Dataset items:
>>>>>

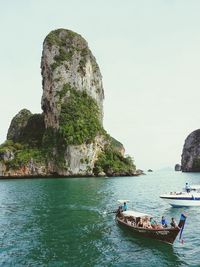 Scenic view of sea and rock formation against sky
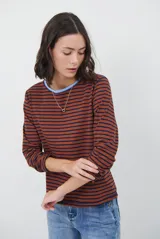 Remera de manga larga con diseño de rayas horizontales en azul y blanco, destacada por un cuello redondo en color bordó con costuras a la vista.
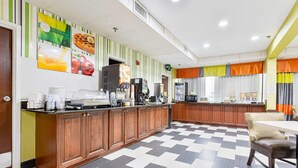 A hotel kitchen with a checkered floor, wooden cabinets, and a coffee station. - Quality Inn Prattville I-65 (Prattville)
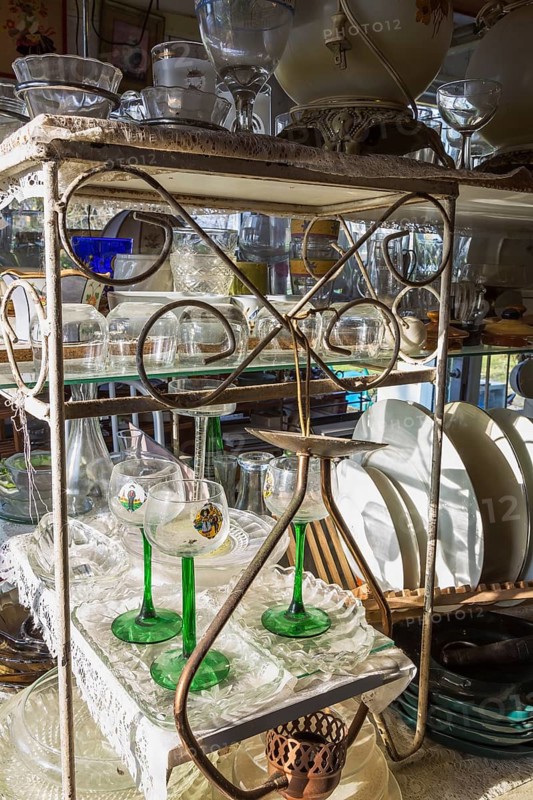 Old wine and liquor glasses for sale inside second hand goods and chattels store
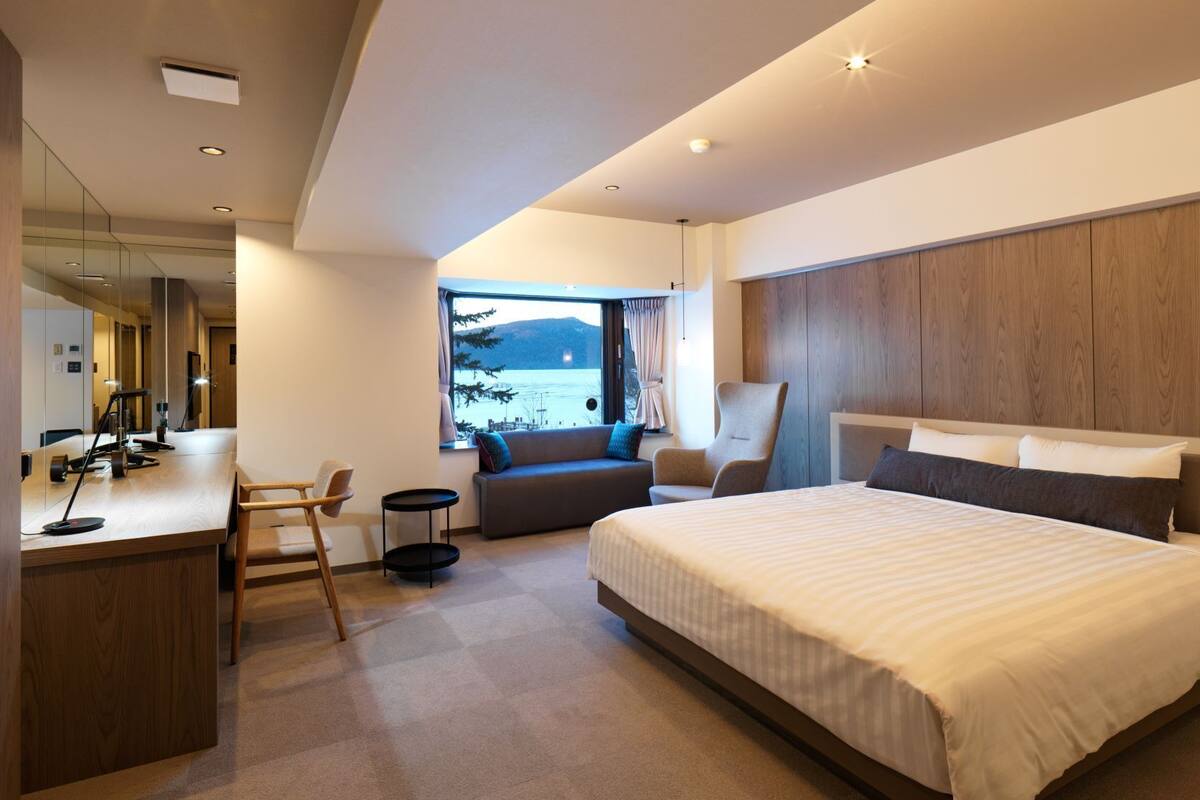 Une chambre d’hôtel moderne avec un grand lit, un bureau, une chaise et un canapé. Une fenêtre offre une vue sur un lac et des montagnes.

<<<<<

▶ Activity
From the records above, write out exactly the lines that begin at the line with "Remera de manga" and end at the line with "Old wine and". Pictures must not appear in the output.

▶ Answer for the task
 Remera de manga larga con diseño de rayas horizontales en azul y blanco, destacada por un cuello redondo en color bordó con costuras a la vista.
 A hotel kitchen with a checkered floor, wooden cabinets, and a coffee station. - Quality Inn Prattville I-65 (Prattville)
 Old wine and liquor glasses for sale inside second hand goods and chattels store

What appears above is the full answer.